No Transportation, No Education
by Jorel Moore



A firsthand account of how a campaign by the Urban Youth Collaborative preserved crucial funding for student subway passes in New York City in the face of budget cuts. Jorel Moore is a youth leader in Future of Tomorrow and the Urban Youth Collaborative.

Republished with permission from the author and the Annenberg Institute for School Reform at Brown University, Voices in Urban Education 30 (Spring 2011), www.annenberginstitute.org/VUE/vue30-moor. View the complete issue at www.annenberginstitute.org/VUE.

 

“SAVE OUR METROCARDS!”
“SAVE OUR METROCARDS!”
“SAVE OUR METROCARDS!”

When you first start going to rallies, it can be surreal. All around you, people are chanting and carrying signs. Looking at their faces, you can tell that they care.
We’re all at this rally because we don’t want to pay $1,000 a year for transportation to get back and forth to our schools. My organizations—Future of Tomorrow, a youth organization that brings together youth from neighboring high schools, and the Urban Youth Collaborative (UYC), a citywide coalition made up of five organizations  – are here to do what we do best: give the youth a voice.

How UYC works

Sometimes people don’t believe me when I say I’m going to a meeting. Maybe it’s because I’m only seventeen and not a lot of seventeen-year-olds go to meetings.
But I do go to meetings – lots of them. At UYC, our five organizations come together to develop and lead – and hopefully win! – campaigns that affect students from all over New York City. To make change on a citywide level – especially in a city as big as New York – we need to join forces to develop the power we need to be able to influence decisions made about our schools that impact us. Lately, it seems that people like to refer to students as “consumers.” Well, we don’t like that term (Schools are not a business! We are not customers!), but we do believe that because we are the ones actually in the schools that we need to have a big part in the decisions made about our schools. To build the power we need and convince the people who make decisions to listen to us, we organize.

That means more than just holding a protest rally. It means bringing people together who are impacted by an issue, doing research to understand the issue better and how it can be solved, creating demands, and making a campaign plan about how we are going to win what we want. It means testifying at city council meetings, writing blog posts, and talking to the media.

UYC was created in 2005, and we already have some big victories under our belt. One is the creation of Student Success Centers (SSCs). We have played a big part in fighting school budget cuts over the years (this is always a big fight, and we work closely with our allies on that). Just last December, years of hard work paid off when the New York City Council passed a law we fought for that will force the New York City Department of Education and New York Police Department to share data with the public about student arrests, suspensions, and expulsions by race, age, gender, English language learner status, and special education status.

The “Save Our MetroCard” campaign

But right now I want to walk you through a campaign that we did last year. First you need to know a little bit about New York. First off, not many students walk to school. Of my friends, only maybe five of them walk to school. Lots of students go to schools outside of their neighborhoods. Well, in New York the way everybody gets around is the subway. I know that students who live far from their school in rural areas get picked up by yellow school buses. Here in New York we get free or reduced-price MetroCards (MetroCards are passes for the subway).

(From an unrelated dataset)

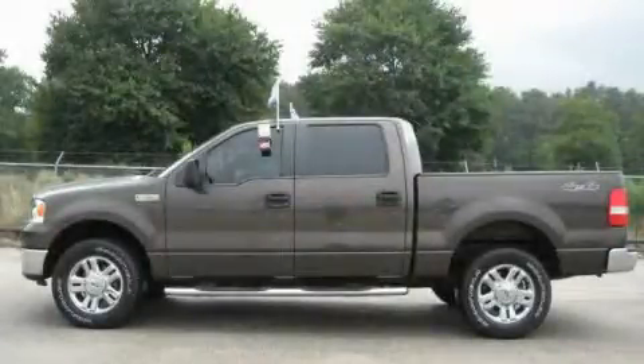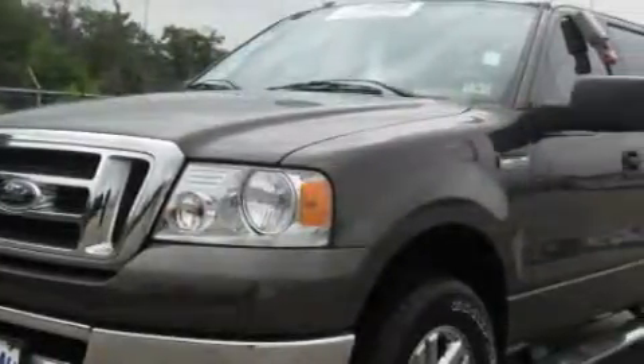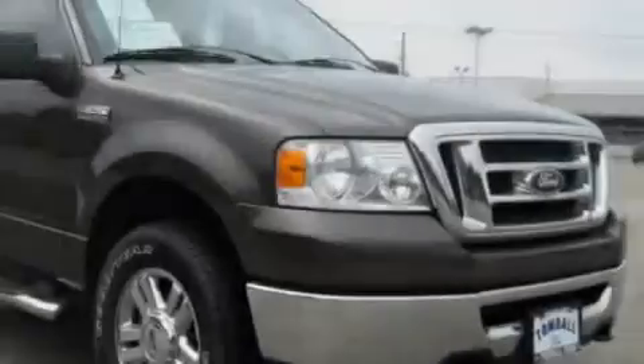This is a 2008 Ford F-150. Strong, durable, and dependable. It has a 4.6 liter 8-cylinder engine, a 4-speed automatic transmission, and 4-wheel drive.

Before last year I had never really thought about how we get our MetroCards (just like kids in the suburbs probably don’t think about how the bus that picks them up is paid for). Last year I learned more than I ever wanted to know about student MetroCards and who pays for them. In December 2009, the Metropolitan Transit Authority (MTA – they run the subway and bus system) announced that because they were in a severe budget crunch, they would be “phasing out student MetroCards.” The MTA has a board, and the board said that they would be holding hearings about cutting student MetroCards and having a final vote in April. UYC had less than three and a half months to influence their decision.